Alabama's civil rights history comes to life in a new book by Birmingham native Waights Taylor Jr., “Our Southern Home: Scottsboro to Montgomery to Birmingham – The Transformation of the South in the Twentieth Century.”
The author will discuss his work on Wednesday, February 22, at 6 p.m. in the second-floor events room of the main library. Books will be available for purchase and signing.
Taylor’s focus is on three Southerners, 18 years old on the fateful day of March 25, 1931: Clarence Norris, black, is boarding a freight train as a hobo in Chattanooga; Waights Taylor Sr., white, is a student at the University of Alabama; Rosa McCauley Parks, black, is a resident of Pine Level, Alabama. They didn’t know that events were about to happen in Scottsboro that would change their lives and the whole South as well.
According to Diane McWhorter, author of the Pulitzer Prize-winning “Carry Me Home: Birmingham Alabama: The Climactic Battle of the Civil Rights Revolution,” Taylor “has found the intersection between his personal story and the great narrative of history, and as a result has given us a fresh and vital new perspective on the well-known sagas of the Scottsboro Boys and Rosa Parks. ‘Our Southern Home’is thoroughly researched, engagingly written, and deeply felt.”

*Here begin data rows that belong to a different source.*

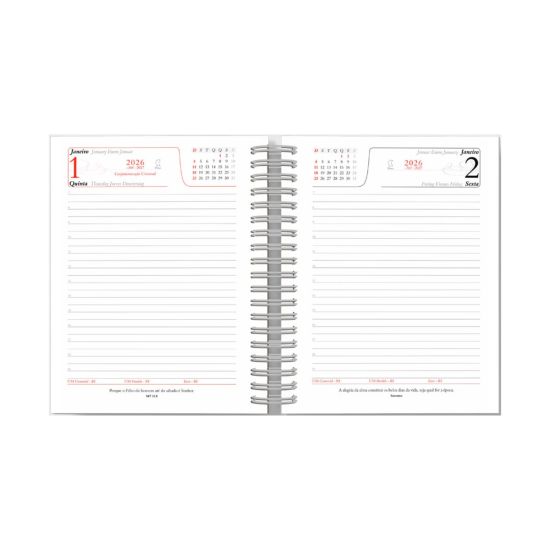 Agenda Wire-o Metalizada Lisa Prata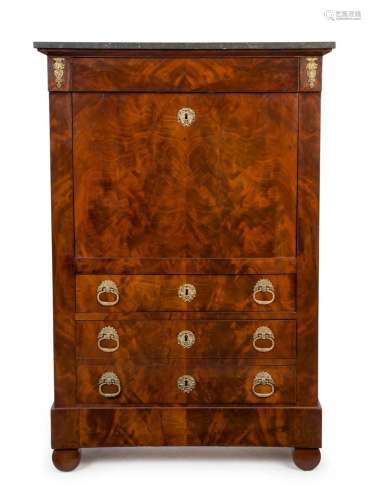 A French escritoire fall-front desk in mahogany with ormolu ...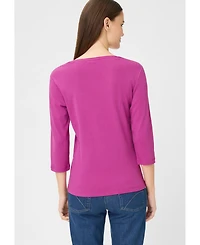 Olsen 100% Cotton Placement Print T-Shirt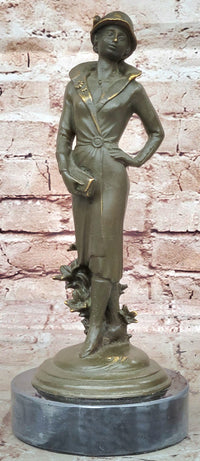 Art Deco Lady with Hat Bronze Sculpture on Marble Base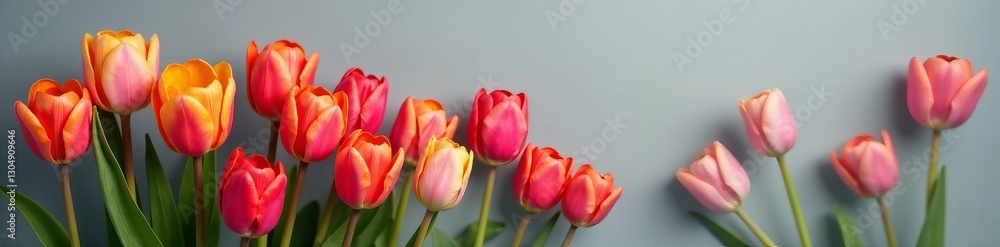 Fototapeta premium Vibrant tulips in full bloom contrasting against a gray background, blooming, grey, background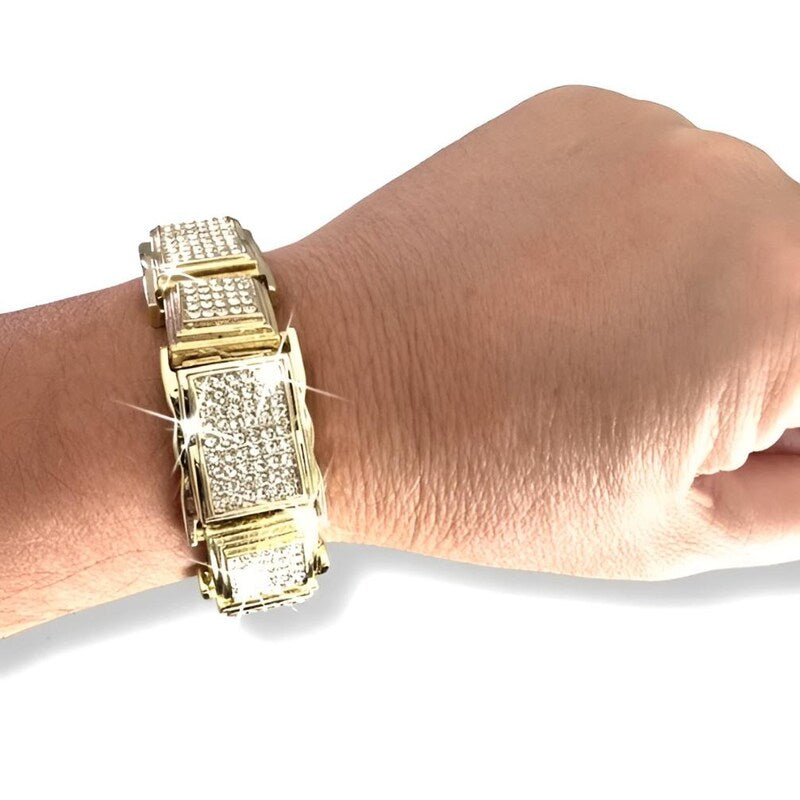 Men's 20MM Moissanite Diamond Tennis Bracelet, 14K Gold Plated Sterling Silver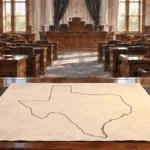 Conceptual painting of empty legislative seats and a redistricting map.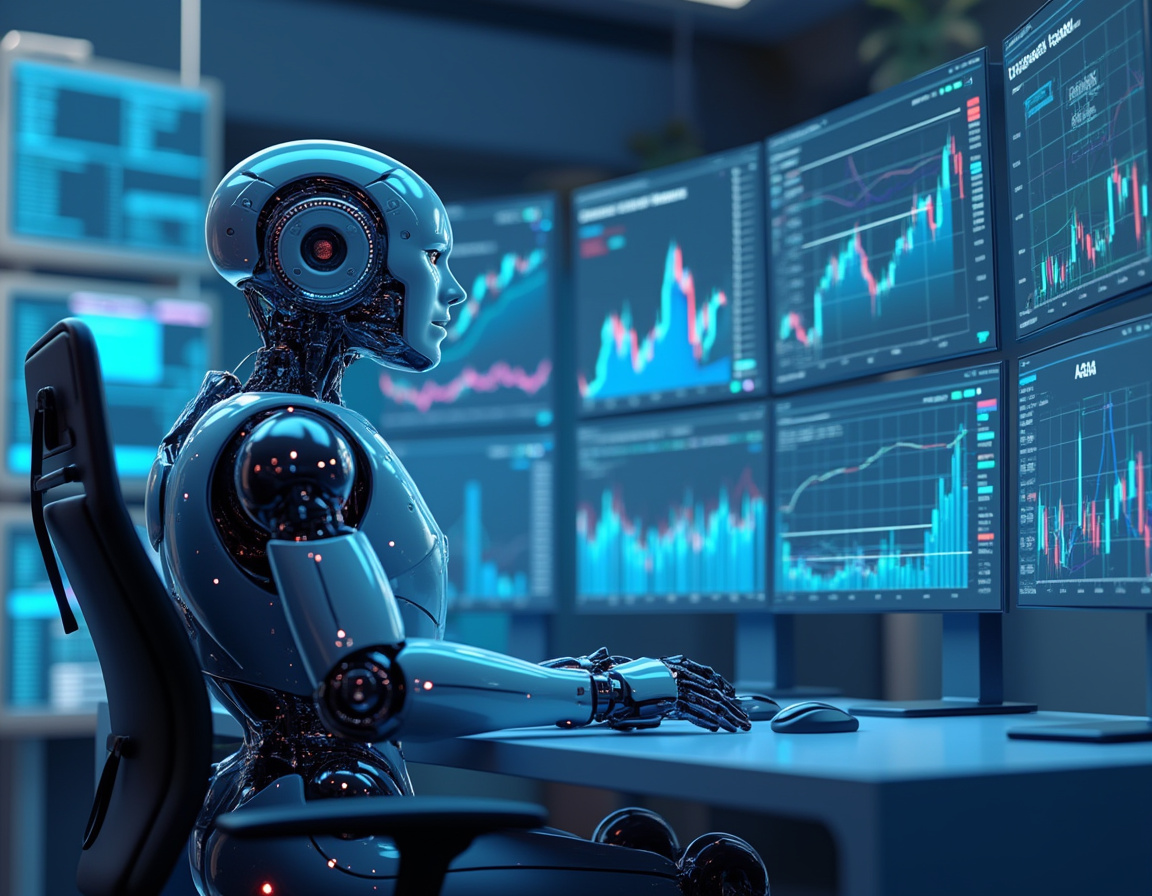 A hyper-realistic AI trading bot analyzes data at a high-tech workstation amid glowing screens.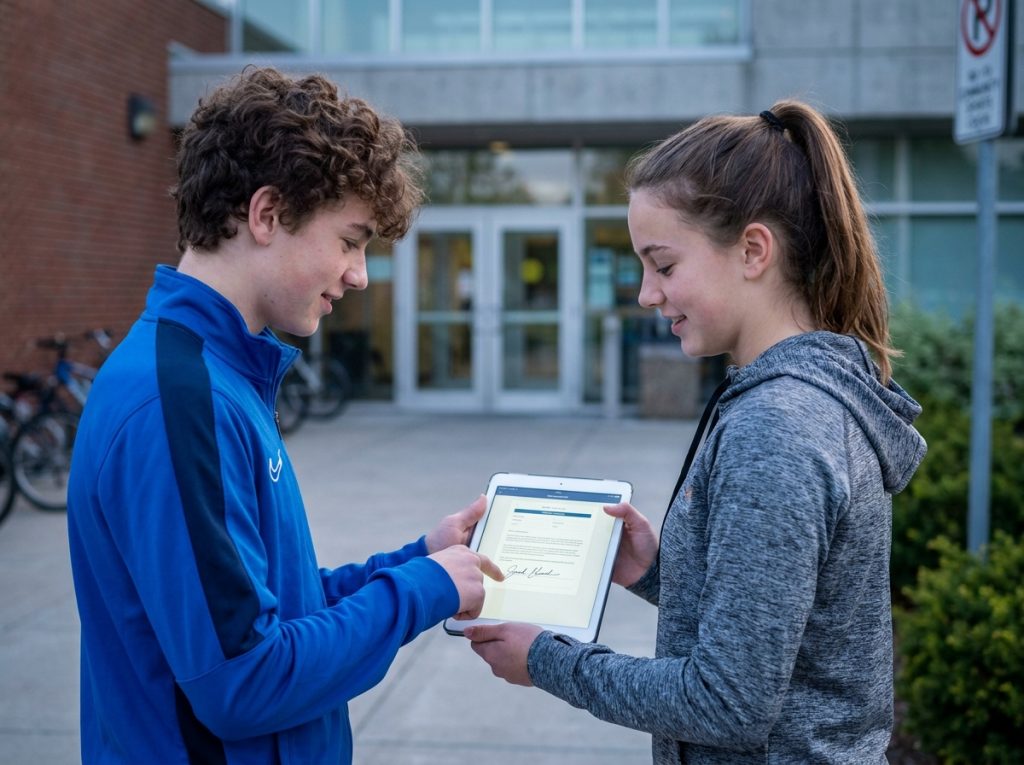 Deux adolescents vérifiant une autorisation parentale signée en ligne sur tablette devant un centre sportif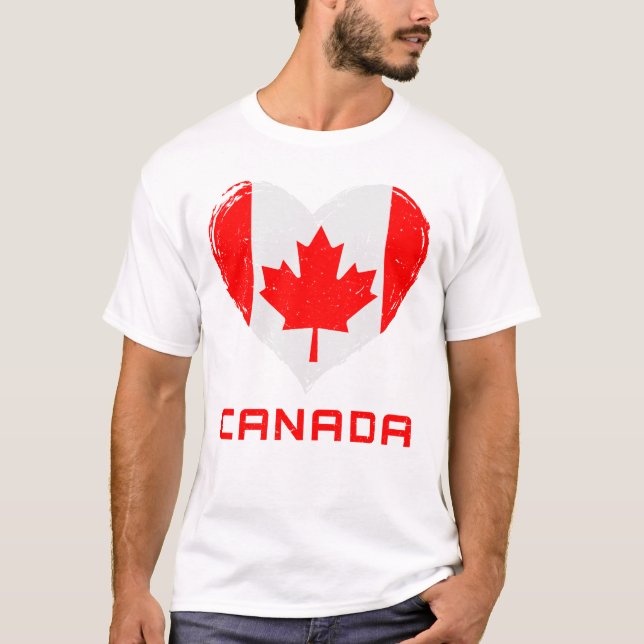 Canada Flag Heart Distressed Men's White T-Shirt (Front)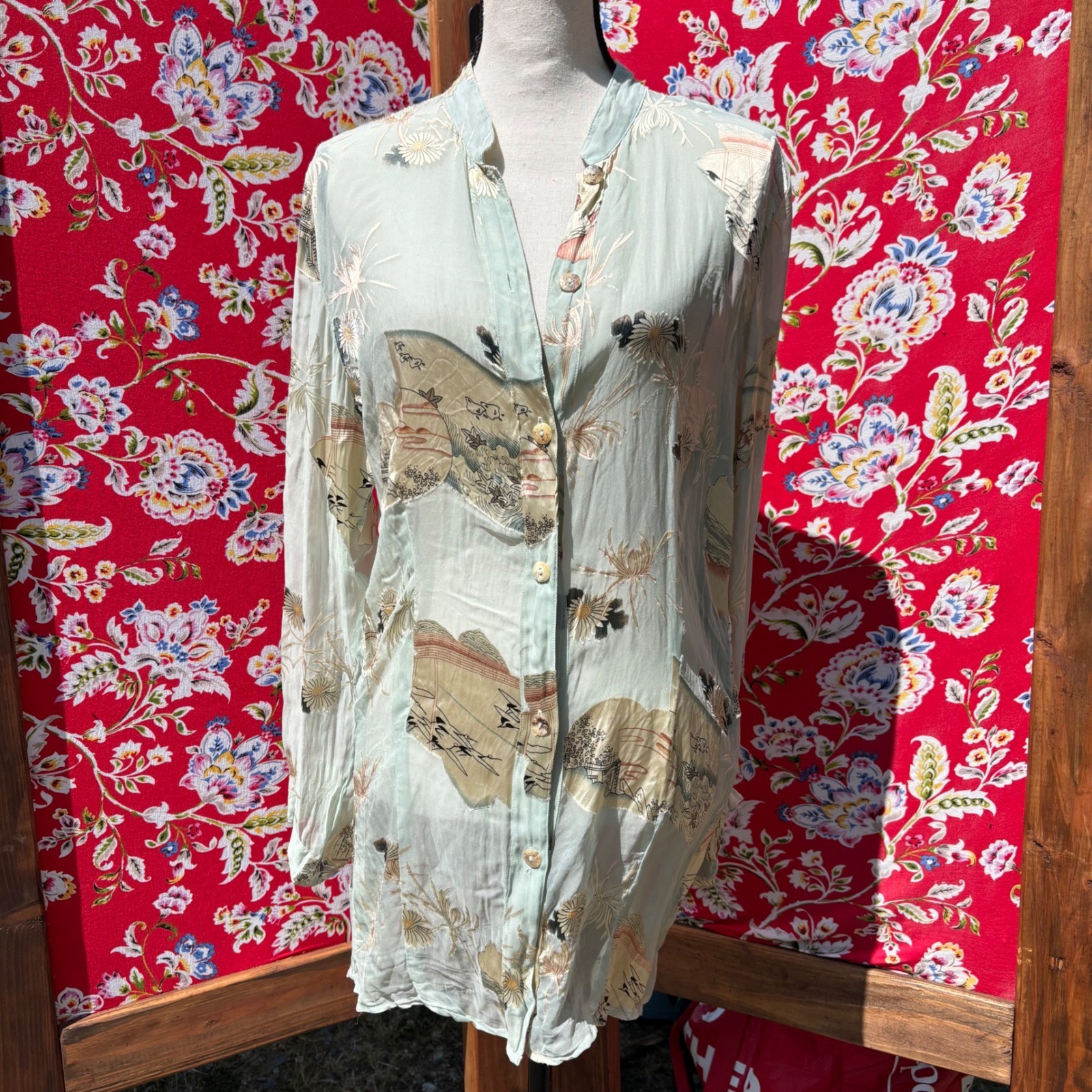 Vintage Semi Sheer Beachy Coastal Button Front Boho Blouse Size L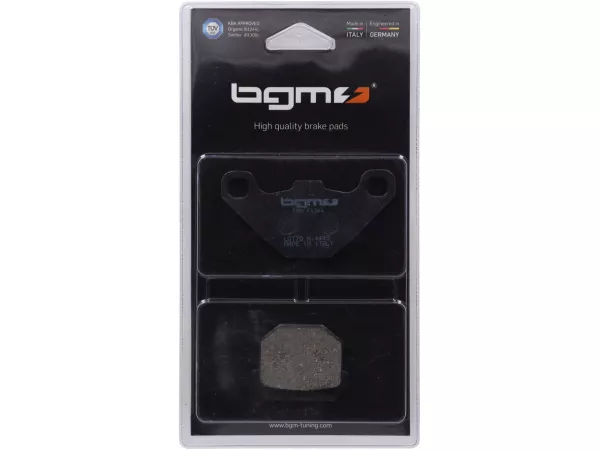 Pastillas de freno -BGM 47,4x37/85x42mm- Gilera Runner, Piaggio NRG, Peugeot (Heng Tong)Speedfight 1 / Speedfight 2 / Elyseo / TKR / Kisbee / Vivacity, Keeway Easy / F-Act / Flash, CPI Hussar / Popcorn, TGB Tapo / Hook / Hawk, ATU Akros / Kallio, Adly Thu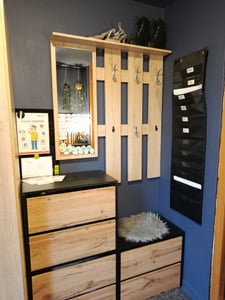 STIV Möbel | Schuhschrank 2-teilig mit Klappen | Schwarz Matt / Eiche Wotan | 60x36x100 cm | modular erweiterbar | modern & praktisch Kunden-Foto 1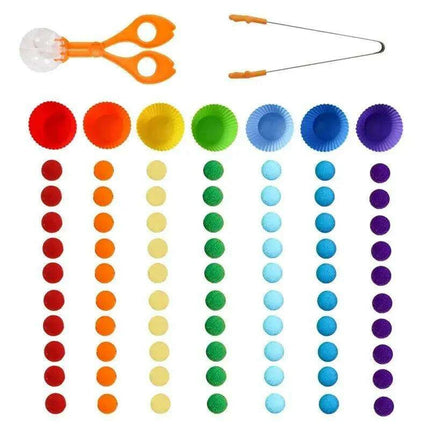 Rainbow Woodland Montessori Educational Toy - Wood & Wool Learning Board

Laura Caldwell Anderson, archivist at the Birmingham Civil Rights Institute, says Taylor’s “fascinating weaving of three stories into one” results in a “thoroughly engaging illustration of a region’s gradual, and ongoing, transformation.”
Taylor, now a resident of Santa Rosa, Calif., spent 24 years in the aviation industry and 22 years in management consulting before turning to writing. His first book, “Alfons Mucha’s Slav Epic: An Artist’s History of the Slavic People,” was published in 2008. “Our Southern Home” came out in October 2011.